C 'est bien simple, absolument rien ne peut être pris au sérieux dans ce film!
L'introduction donne le ton: un type nous explique dans un plan fixe, regard face caméra, pendant deux bonnes minutes, que notre monde est sujet à des changements ( ah bon? j'avais pas remarqué), que toute rencontre peut apporter des changements, et que les catholiques par exemple peuvent apporter des changements (WTF??!!!). On dirait le speech improvisé en direct devant l'objectif tant le personnage ne semble pas savoir où il va ( et nous non plus d'ailleurs), et le doublage en rajoute une énorme couche, la version française se hissant au niveau d'amateurisme ( ou de j'm'en foutisme?) du film. La post-synchronisation semble avoir été faite en une seule prise alors que les doubleurs (non professionnels bien sûr, sinon ce serait moins marrant) découvraient leur texte, quant à la réalisation elle évoque les meilleurs films de vacances de tonton Michel en super 8.
Mais le pire ( soit le meilleur) est encore à venir, puisque sous l'effet d'un mélange de drogues ( on vous avait dit que la drogue c'était pas bien!) et de viande de dindon aux hormones, le "héros" , puisqu'il faut bien l'appeler comme ça, se transforme... en homme dindon assoiffé de sang!
A partir de là, évidemment, tous les murs de la réalité s'écroulent et le spectateur ne peut que se laisser emporter par la folie qui suinte de l'écran en se demandant s'il n 'est pas en train de rêver. Ce n 'est pas possible! des films pareils ça n'existe pas!! ben si, la preuve!

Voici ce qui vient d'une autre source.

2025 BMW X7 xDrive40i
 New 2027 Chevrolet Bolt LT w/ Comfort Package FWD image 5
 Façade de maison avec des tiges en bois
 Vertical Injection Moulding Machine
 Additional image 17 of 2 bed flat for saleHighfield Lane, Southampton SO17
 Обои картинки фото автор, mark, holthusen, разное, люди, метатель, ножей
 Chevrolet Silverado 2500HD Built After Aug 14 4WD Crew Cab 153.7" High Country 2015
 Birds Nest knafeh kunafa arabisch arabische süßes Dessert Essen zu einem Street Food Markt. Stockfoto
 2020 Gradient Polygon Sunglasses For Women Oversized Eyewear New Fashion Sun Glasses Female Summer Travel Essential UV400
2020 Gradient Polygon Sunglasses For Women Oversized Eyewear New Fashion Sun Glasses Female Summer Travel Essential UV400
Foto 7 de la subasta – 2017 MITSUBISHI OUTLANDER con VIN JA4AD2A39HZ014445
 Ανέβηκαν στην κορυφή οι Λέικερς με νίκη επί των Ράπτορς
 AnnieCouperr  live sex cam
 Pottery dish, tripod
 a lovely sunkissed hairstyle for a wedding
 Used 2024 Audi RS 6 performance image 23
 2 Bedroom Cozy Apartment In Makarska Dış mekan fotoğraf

Pour nous remettre de nos émotions, lors du premier entr'acte, des "croque-nanar" nous furent proposés. Ils eurent d'ailleurs tant de succès qu'il n'en resta plus pour la deuxième pause.
Après une telle mise en bouche, la tâche s'avèra ardue pour les deux films suivants.
Crocodile Fury tira tout de même fort bien son épingle du jeu avec son histoire "2 en 1" mêlant crocodile tueur en carton, et vampires chinois sautillants. Même si le doublage semble un peu plus pro, les dialogues restent redoutables et l'histoire complétement hermétique, mais se laisse suivre sans déplaisir.
Vendre de la bière dans un cinéma est une bonne idée en soit, surtout lorsqu'il s'agit de bières locales, puisqu'on a en plus l'impression de soutenir l'économie régionale, par contre lors d'événements de ce genre cela peut causer certains désagréments. Aussi, malgré les demandes répétées des deux organisateurs, eux même de plus en plus imbibés à mesure que la soirée progressait, de ne pas laisser les canettes trainer sur la moquette de la salle, les bonnes intentions passèrent vite à la trappe et le sol se retrouva bientôt jonché de cadavres. De plus, les spectateurs supportant plus ou moins bien l'alcool, certains éléments se révélèrent bientôt d'une lourdeur plutôt pachydermique, si bien qu'il devenait parfois difficile de suivre ce qu'il se passait à l'écran.
Le rythme plus lent de White Fire, sa nanardise plus subtile et surtout l'heure tardive à laquelle il commença ( vers 2h30 du matin quand même) vidèrent peu à peu la salle qui s'était considérablement peuplée entre les deux premiers films. Des remarques à voix hautes commencèrent à fuser du fond, des cris se firent même entendre, il fallait bien ça sans doute pour garder les spectateurs éveillés.
Pour ma part je dois avouer être passé à côté du véritable intérêt de White Fire la première fois que je l'avais vu, mais cette deuxième vision me confirma qu'il s'agit en effet d'un nanar de haute volée, qu'il faut revoir plusieurs fois afin d'en apprécier tous les trésors.
Ce fut finalement une soirée très agréable, la première du genre sur la métropole lilloise, une initiative qui, je l'espère, fera des émules.
D'ailleurs chacun peu contribuer à la programmation de ce cinéma et prendre en charge l'organisation de soirées thématiques, et franchement ça donne envie de s'y mettre!